657 sayılı Devlet Memuru Kanunu ne zaman değişecek?
657 sayılı memur yasası ne zaman değişecek' sorusu 51 yıldır değişim bekleyen devlet memurlarının en çok merak ettiği soru... Peki 657'de neler değişecek? İşte cevabı...
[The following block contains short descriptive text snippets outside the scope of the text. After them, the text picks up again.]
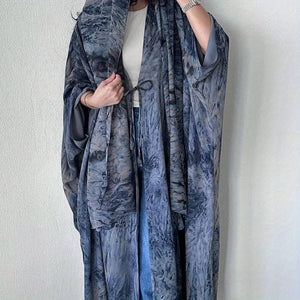 Blue tie-dye print open abaya, close-up of the front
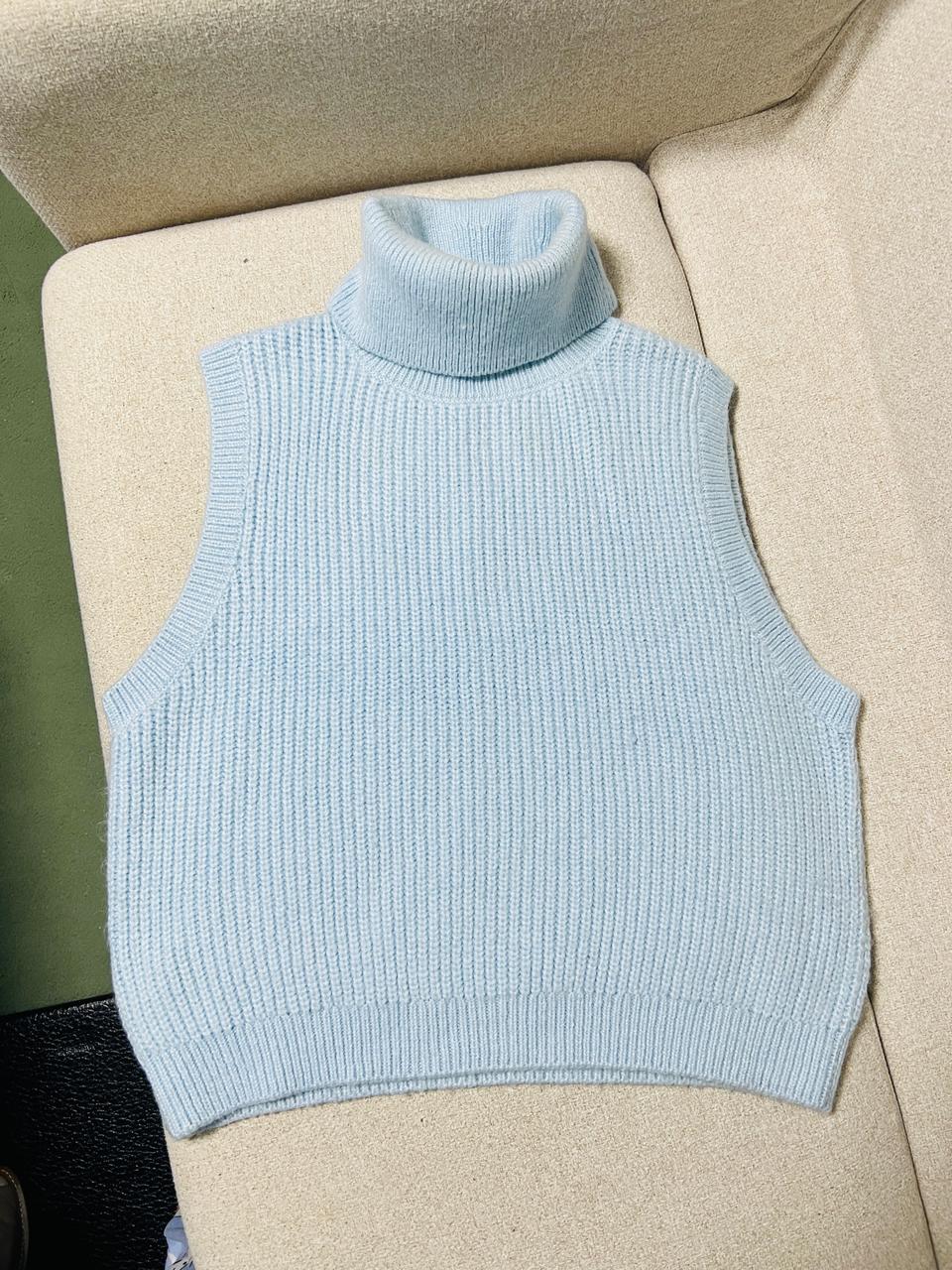 망고 터틀넥 니트 조끼 S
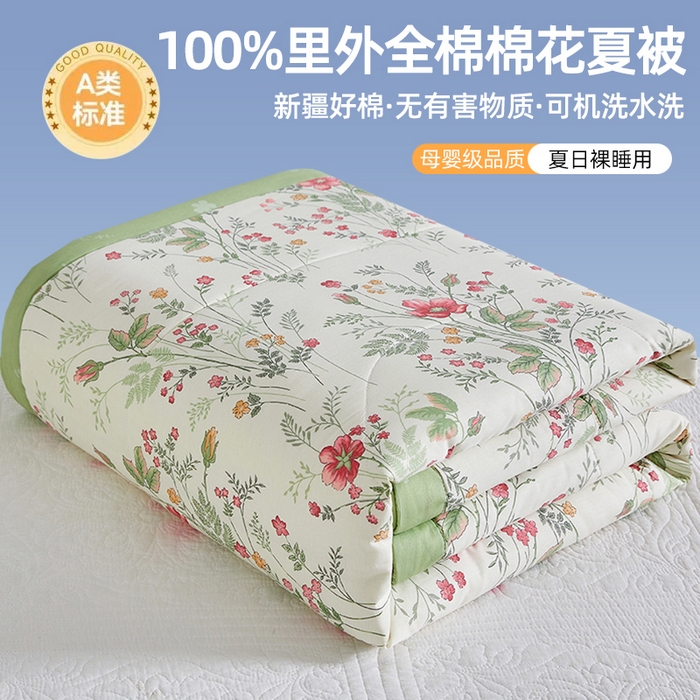 91家纺网 家纺一手货源 找家纺 （总）海洋家纺 2026新款100%里外全棉夏被印花空调被夏凉被薄被子棉花夏被四件套 风格三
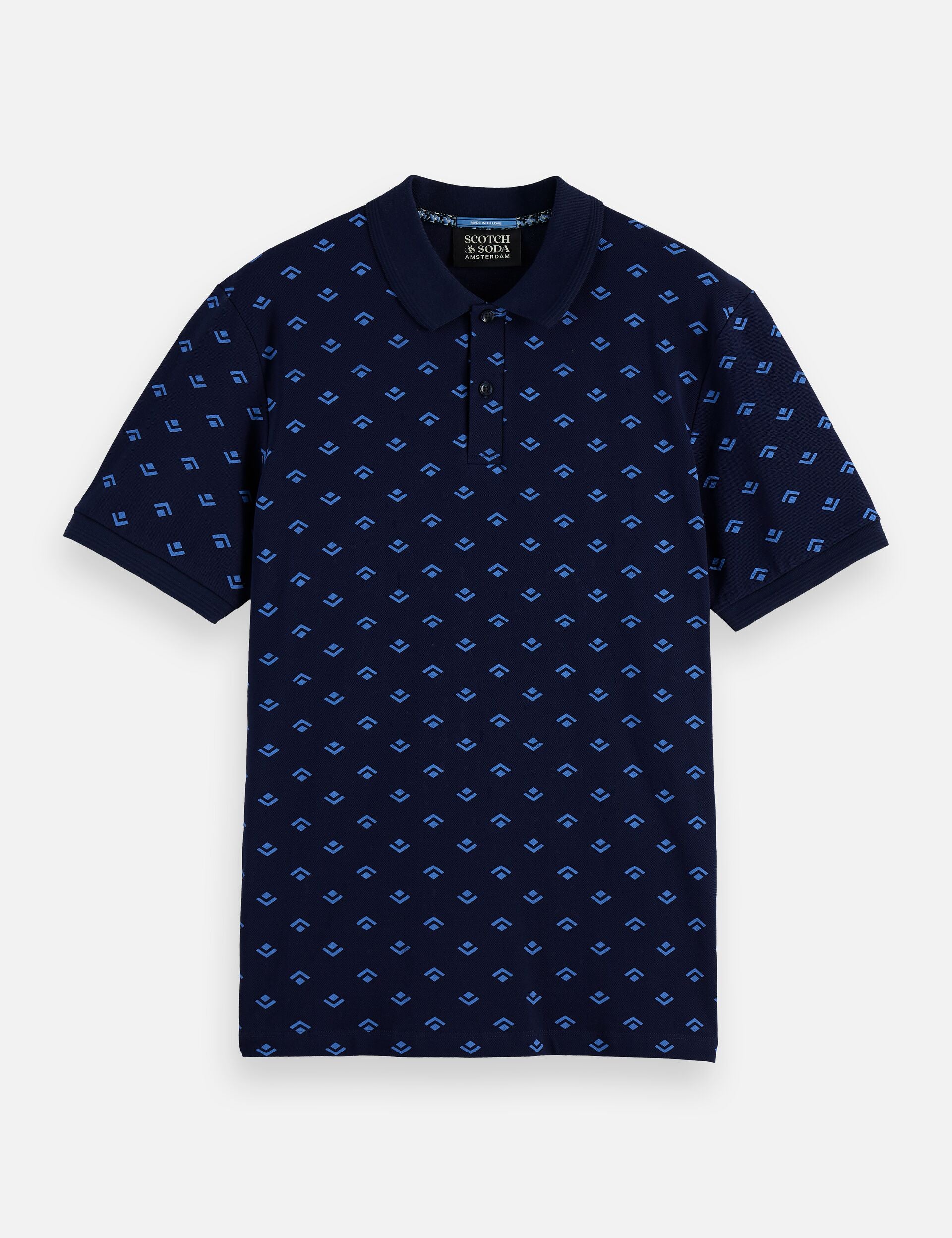 Micro allover print jersey regular fit polo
657 sayılı Devlet Memuru Kanunu değişecek mi? Memurların
yıllardır değişmesini beklediği bu yasa Çalışma Bakanlığı'nın da
gündemde... Peki 657'nin değişimine ilişkin bugüne kadar nasıl bir
yol katedildi? İşte 657 dosyası...
Yeni Şafak'tan Ahmet Ünlü, bugünkü yazısında 657 sayılı Devlet
Memuru Kanunu'na ilişkin kritik noktalara değindi. Ünlü, daha önce
657 sayılı Devlet Memurları Kanunu'nun birçok maddesinin
mülga olmasına rağmen hala varlığını
sürdürdüğünü ve yazılan çizilen eleştirilerin hiçbir işe
yaramadığını belirterek eleştiride bulundu.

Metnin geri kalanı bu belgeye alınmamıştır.